Algunos dicen que fue el escritor y crítico musical Lester Bangs, quien usó la palabra “poseur” para describir a algunos artistas glam rock de los años 70, como David Bowie o Alice Cooper, a quienes acusaba de ser falsos y comerciales. Otros dicen que fue el cantante y guitarrista Ted Nugent, quien se autoproclamó como el “único verdadero rey del rock and roll” y criticó duramente a las bandas punk y new wave por ser “posers” que no sabían tocar sus instrumentos. Lo cierto es que estos términos se han usado desde entonces para etiquetar y descalificar a diferentes grupos y subgéneros dentro del rock.

Los posers son reconocidos por su estética llamativa y ostentosa, sus atuendos exagerados y su actitud vacía, a menudo se adhieren a estereotipos superficiales del rock sin comprender la esencia del género, pueden ser vistos en conciertos con camisetas de bandas famosas sin conocer siquiera una canción de ellas, buscan la aprobación social, pero carecen de la autenticidad que los True defienden con pasión.

Los posers son el blanco favorito de las burlas y los insultos de los True, quienes los consideran unos impostores que manchan el nombre del rock. Los True tienen una lista negra de bandas y artistas que consideran posers, como Bon Jovi, Nickelback, Avril Lavigne o Limp Bizkit y también tienen un radar especial para detectar a los posers en su entorno. Algunas preguntas típicas que les hacen son:

¿Cuál es tu álbum favorito de Black Sabbath y por qué?
¿Cuál es la historia detrás de la portada del álbum “Appetite for Destruction”?
¿Qué conoces sobre la escena del rock progresivo de los años 70 y puedes mencionar tres álbumes icónicos de ese período?
¿Puedes explicar la diferencia entre el hair metal y el thrash metal, y mencionar bandas representativas de cada estilo?

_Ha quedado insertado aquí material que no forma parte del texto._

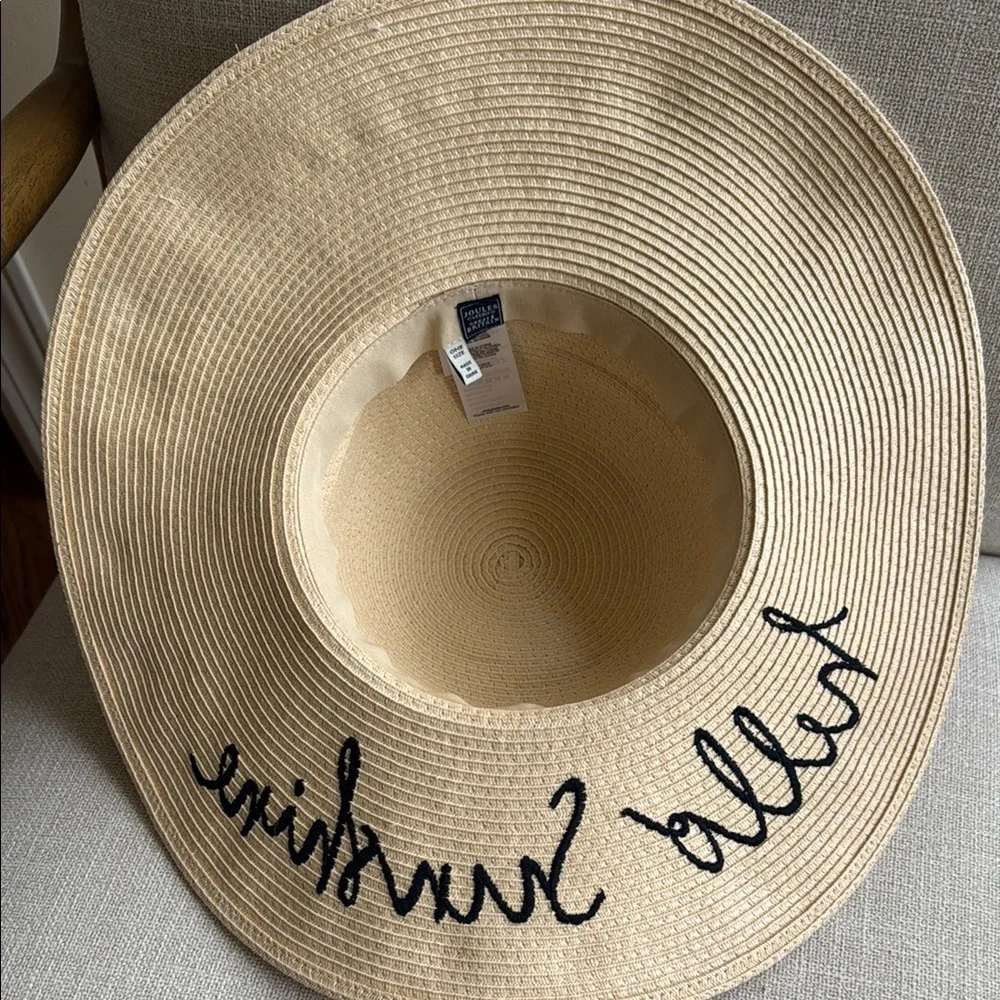 Joules Beige Wide Brim Hat with 'Hello Sunshine' Embroidery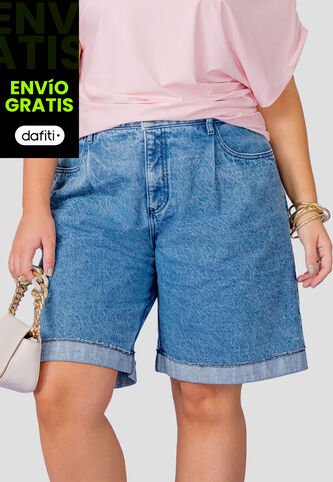 Bermuda Mujer Azul Medio Mp 113789 MP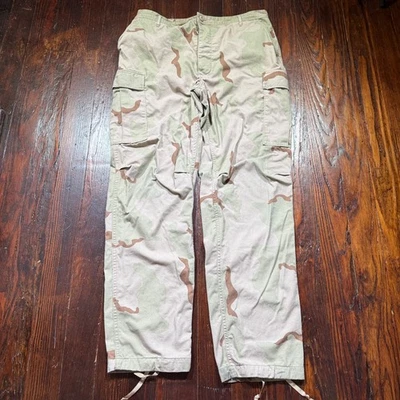 Military Pants Mens Large Long 36x34 Desert Camo Camouflage Combat Trousers 1991 - Image 1 of 4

Si no sabes las respuestas, entonces eres un poser.

Un ejemplo clásico de poser es el personaje de Marty McFly en la película Volver al Futuro, quien se pone una chaqueta roja de cuero, unos lentes oscuros y una guitarra eléctrica para impresionar a su madre en el pasado. Sin embargo, cuando intenta tocar Johnny B. Goode de Chuck Berry, termina haciendo un solo desastroso que deja al público boquiabierto y confundido y termina su actuación con la frase famosa “sus hijos amarán esto”.
Otro ejemplo más reciente es el caso de Justin Bieber, quien en 2015 sorprendió a sus fans al aparecer con una camiseta de Metallica en un programa de televisión, los seguidores de la banda de thrash metal no tardaron en criticar al cantante pop por su falta de respeto y conocimiento del género.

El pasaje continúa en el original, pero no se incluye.